1. Summary

We have created optimized parallel implementations of the deduplication module in CloudFS (a hybrid cloud-backed local file system, developed in 18-746: Storage Systems), that makes use of Rabin fingerprinting for chunking on a multi-core CPU platform, and performed a detailed analysis of the system’s performance characteristics. We have also explored using a GPU for accelerating the computation of the Rabin fingerprinting algorithm and implemented a naive version using CUDA.

2. Background

2.1. CloudFS and deduplication module

In file systems, a common way to avoid redundant computations and storage is to perform deduplication on the data. Cloudfs is one such file system which we developed as a part of 18-746 (Storage Systems) class which performs deduplication across files. The deduplication module detects duplicate content during any write/update operation in the filesystem, using a popular content-based chunking algorithm - The Rabin fingerprinting algorithm. The deduplication module at a high level performs the following 3 operations :

2.2. Rabin fingerprinting

It detects boundaries of these chunks in the input data based on the content. A chunk is the data between 2 such boundaries. This may lead to variable sized chunks.
alt text
Figure B: Basic working of Rabin Fingerprinting algorithm

As seen in Figure B, the algorithm computes fingerprints over a sliding window of data. The fingerprint calculation involves polynomial division of a polynomial of degree w-1 for a w bit sequence, with an irreducible polynomial of degree k. This is a very computationally intensive operation.

Data structures:

The state of the rabin algorithm is maintained by the rabinpoly library structure :

struct rabinpoly {
    u_int64_t poly;                 // Actual polynomial
    unsigned int window_size;       // in bytes
    unsigned int avg_segment_size;  // in KB
    unsigned int min_segment_size;  // in KB
    unsigned int max_segment_size;  // in KB
    u_int64_t fingerprint;      // current rabin fingerprint
    u_int64_t fingerprint_mask; // to check if we are at segment boundary
    u_char *buf;                // circular buffer of size 'window_size'
    unsigned int bufpos;        // current position in ciruclar buffer
    unsigned int cur_seg_size;  // tracks size of the current active segment 
    int shift;
    u_int64_t T[256];       // Lookup table for mod
    u_int64_t U[256];
};

Operations:

Following key operations are supported by the dedup library:
rabin_init() : initialises the rabinpoly struct and constructs lookup buffers
compute_rabin_segments() : Performs the actual computation of finding the markers/chunk boundaries
rabin_reset(): Use this to use the same rabinpoly struct for a different file
rabin_free(): Called at the end to free all resources allocated by rabin_init()

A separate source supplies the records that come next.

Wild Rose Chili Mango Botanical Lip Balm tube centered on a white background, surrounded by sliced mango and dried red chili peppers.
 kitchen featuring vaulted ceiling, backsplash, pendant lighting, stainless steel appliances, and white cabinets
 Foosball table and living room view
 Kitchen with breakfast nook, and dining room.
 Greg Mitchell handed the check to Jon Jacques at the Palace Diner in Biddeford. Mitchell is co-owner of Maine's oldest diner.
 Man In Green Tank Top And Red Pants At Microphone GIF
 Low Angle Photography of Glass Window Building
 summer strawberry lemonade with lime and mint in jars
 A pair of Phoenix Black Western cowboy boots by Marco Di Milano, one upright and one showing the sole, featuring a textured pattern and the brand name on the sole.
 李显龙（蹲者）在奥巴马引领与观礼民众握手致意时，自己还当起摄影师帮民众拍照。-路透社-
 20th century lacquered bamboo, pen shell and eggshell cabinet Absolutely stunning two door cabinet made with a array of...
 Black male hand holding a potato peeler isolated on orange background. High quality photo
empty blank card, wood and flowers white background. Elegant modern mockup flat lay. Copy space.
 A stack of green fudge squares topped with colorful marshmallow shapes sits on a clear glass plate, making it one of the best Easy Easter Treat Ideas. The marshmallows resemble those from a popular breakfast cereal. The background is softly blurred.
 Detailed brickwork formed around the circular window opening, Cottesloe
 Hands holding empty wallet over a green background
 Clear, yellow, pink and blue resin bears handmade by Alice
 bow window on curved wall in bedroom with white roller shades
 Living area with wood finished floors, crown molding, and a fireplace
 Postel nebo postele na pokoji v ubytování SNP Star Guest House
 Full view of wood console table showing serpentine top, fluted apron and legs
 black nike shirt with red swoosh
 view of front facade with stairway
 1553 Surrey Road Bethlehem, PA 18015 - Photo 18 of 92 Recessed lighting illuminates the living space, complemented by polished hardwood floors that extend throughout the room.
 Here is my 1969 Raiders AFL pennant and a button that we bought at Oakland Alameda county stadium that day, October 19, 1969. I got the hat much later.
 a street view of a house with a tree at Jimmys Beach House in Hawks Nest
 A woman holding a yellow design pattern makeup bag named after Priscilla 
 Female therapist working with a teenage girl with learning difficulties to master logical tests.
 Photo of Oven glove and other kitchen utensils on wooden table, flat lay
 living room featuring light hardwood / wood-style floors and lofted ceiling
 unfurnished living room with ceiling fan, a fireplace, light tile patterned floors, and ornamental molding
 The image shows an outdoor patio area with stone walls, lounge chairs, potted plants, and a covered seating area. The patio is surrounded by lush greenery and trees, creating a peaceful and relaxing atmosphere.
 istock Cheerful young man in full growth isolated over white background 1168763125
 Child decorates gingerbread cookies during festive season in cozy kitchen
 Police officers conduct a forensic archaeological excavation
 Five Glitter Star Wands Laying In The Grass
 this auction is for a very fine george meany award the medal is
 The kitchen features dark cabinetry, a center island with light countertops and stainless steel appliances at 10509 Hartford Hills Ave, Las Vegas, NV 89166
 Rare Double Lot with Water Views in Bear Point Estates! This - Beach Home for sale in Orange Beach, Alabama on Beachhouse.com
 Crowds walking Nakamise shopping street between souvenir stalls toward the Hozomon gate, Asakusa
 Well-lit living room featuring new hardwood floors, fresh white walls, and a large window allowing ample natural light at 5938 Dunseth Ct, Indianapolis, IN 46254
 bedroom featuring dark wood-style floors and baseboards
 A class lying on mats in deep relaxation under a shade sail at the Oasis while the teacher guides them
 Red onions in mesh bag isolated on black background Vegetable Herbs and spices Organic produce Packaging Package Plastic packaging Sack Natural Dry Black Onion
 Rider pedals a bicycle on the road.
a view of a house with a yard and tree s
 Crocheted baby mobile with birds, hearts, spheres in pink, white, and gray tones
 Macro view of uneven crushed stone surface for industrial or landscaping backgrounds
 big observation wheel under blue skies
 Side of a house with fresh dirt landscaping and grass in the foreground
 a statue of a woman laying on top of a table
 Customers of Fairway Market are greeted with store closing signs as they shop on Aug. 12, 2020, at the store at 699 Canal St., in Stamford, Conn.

Input and Output to the algorithm:

2.3. Motivation for parallel dedup (Computationally expensive part)

alt text
Figure C : Breakdown of the execution times in different sections of the deduplication module. About 88% of dedupe time is spent in computation.

As seen in Figure C, on observing the execution times of various sections in the deduplication module, it was observed that majority of the time was spent in the Rabin Fingerprint function, whereas read and MD5 computation time was much lesser. Thus, The computation time in this case is greater than the I/O or bandwidth latency of the filesystem and it is thus, compute-bound. Hence, content based chunking algorithm will definitely benefit from parallelism as it will directly improve the file system throughput. Our goal was to improve reduce the execution time of the computation by parallelising it.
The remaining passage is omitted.